Ainsi, par ces deux arrêts, la CJUE a statué de manière explicite, entre autres, le fait que :
- La directive 2014/24/UE (le même raisonnement étant aussi applicable à la directive 2014/25/UE) doit être interprétée en ce sens que l’accès des opérateurs économiques issus de pays tiers avec lesquels l’Union européenne n’a pas conclu un accord international garantissant un accès égal et réciproque aux marchés publics de l’Union, n’est pas garanti. Cela implique que ces opérateurs peuvent être exclus des procédures de passation ou, le cas échéant, y être admis, sans toutefois pouvoir revendiquer un traitement égal de leur offre par rapport à celles présentées par les soumissionnaires des États membres ou de pays tiers liés à l’UE par un tel accord.
- Il appartient exclusivement à l’Union européenne de déterminer, par un acte de portée générale, les conditions d’accès aux procédures de passation de marchés publics sur son territoire pour les opérateurs économiques provenant d’un pays tiers n’ayant pas conclu avec elle un accord international assurant un accès égal et réciproque. Cet acte peut soit garantir leur accès, soit prévoir leur exclusion, soit encore instaurer un mécanisme d’ajustement du score attribué à leurs offres par comparaison avec celles des autres soumissionnaires. À cet égard, dans l’arrêt rendu dans l’affaire C-266/22 | CRRC Qingdao Sifang et autres, la CJUE a jugé que les dispositions de l’OUG n° 25/2021, imposant aux autorités contractantes roumaines l’obligation (et non la faculté) d’exclure de telles offres, ne sauraient être appliquées, une telle obligation ne pouvant découler que d’une disposition du droit de l’Union.
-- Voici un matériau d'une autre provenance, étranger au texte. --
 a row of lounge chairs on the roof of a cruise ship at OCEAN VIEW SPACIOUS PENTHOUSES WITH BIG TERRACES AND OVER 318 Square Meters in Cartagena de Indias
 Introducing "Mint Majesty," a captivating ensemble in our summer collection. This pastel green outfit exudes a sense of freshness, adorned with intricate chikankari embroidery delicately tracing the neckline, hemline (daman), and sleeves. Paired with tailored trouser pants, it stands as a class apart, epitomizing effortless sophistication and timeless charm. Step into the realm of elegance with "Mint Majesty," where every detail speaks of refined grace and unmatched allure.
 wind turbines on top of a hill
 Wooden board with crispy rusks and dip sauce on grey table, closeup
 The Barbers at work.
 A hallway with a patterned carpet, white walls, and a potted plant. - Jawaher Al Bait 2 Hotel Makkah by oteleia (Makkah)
- seuls les pouvoirs adjudicateurs sont habilités à décider s’ils autorisent ou non la participation, dans le cadre des procédures de passation qu’ils organisent, d’opérateurs économiques provenant d’un pays tiers n’ayant pas conclu avec l’Union un accord international garantissant un accès égal et réciproque aux marchés publics. En cas d’admission, ils peuvent également décider s’il est nécessaire de prévoir une modulation du score résultant de la comparaison entre les offres des opérateurs de l’UE et celles d’opérateurs de pays tiers. Par ailleurs, dans l’arrêt rendu dans l’affaire C-652/22 | Kolin Inşaat Turizm Sanayi ve Ticaret, la CJUE a expressément reconnu que les pouvoirs adjudicateurs peuvent prévoir, dans la documentation du marché, des modalités de traitement visant à refléter la différence objective entre la situation juridique des opérateurs issus de pays tiers n’ayant pas d’accord avec l’Union en matière de marchés publics et celle des opérateurs économiques établis dans l’UE.
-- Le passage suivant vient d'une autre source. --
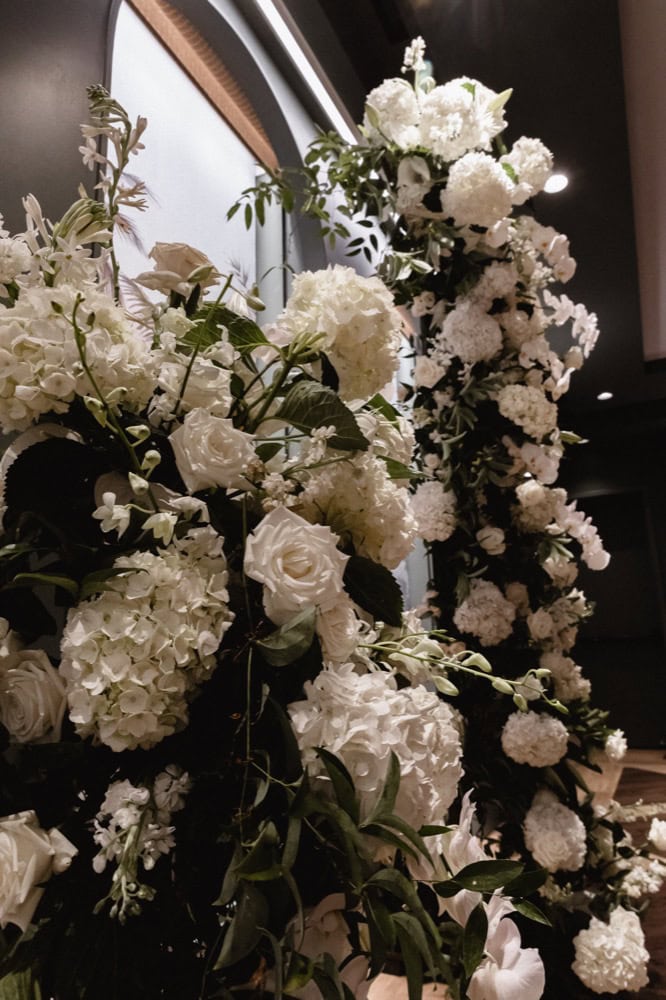 White florals on an altar at a wedding at the Virgin Hotel in New Orleans.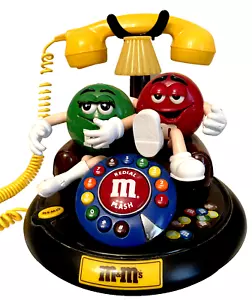 Teléfono fijo M&M mango amarillo con caracteres M&M rojos y verdes  - Imagen 1 de 10
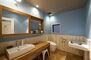 豊津パロス山手町二番館Ａ棟 シンプル、ベーシックな洗面化粧台です！自然素材の塗壁と、ラフなウッドパネルの組み合わせ。おむつ交換台を備え付けています。また、授乳室も兼ねております！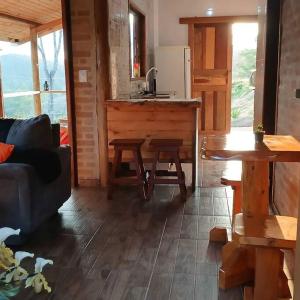 a living room with a couch and a kitchen at Morada da colina casa de campo in Santo Antônio do Pinhal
À la lumière de ce qui précède, il apparaît, de lege ferenda, nécessaire que les autorités compétentes en Roumanie prennent des mesures d’information et de sensibilisation à l’attention des pouvoirs adjudicateurs, afin de leur rappeler qu’ils sont légalement habilités à inclure, dans la documentation d’attribution, des clauses prévoyant soit l’exclusion des offres émanant de pays tiers, soit une modulation du score attribué à ces offres par comparaison avec celles provenant de l’UE. Ce n’est qu’ainsi que l’on pourra effectivement garantir un cadre de concurrence équitable entre, d’une part, les entreprises proposant des biens, travaux ou services originaires de l’UE (lesquelles doivent, dans la fixation de leurs prix, respecter l’ensemble des normes et exigences européennes en matière de qualité) et, d’autre part, les entreprises proposant des biens, travaux ou services provenant de pays tiers avec lesquels l’UE n’a pas conclu d’accord international en matière de marchés publics, et qui ne sont donc pas soumises aux mêmes obligations normatives.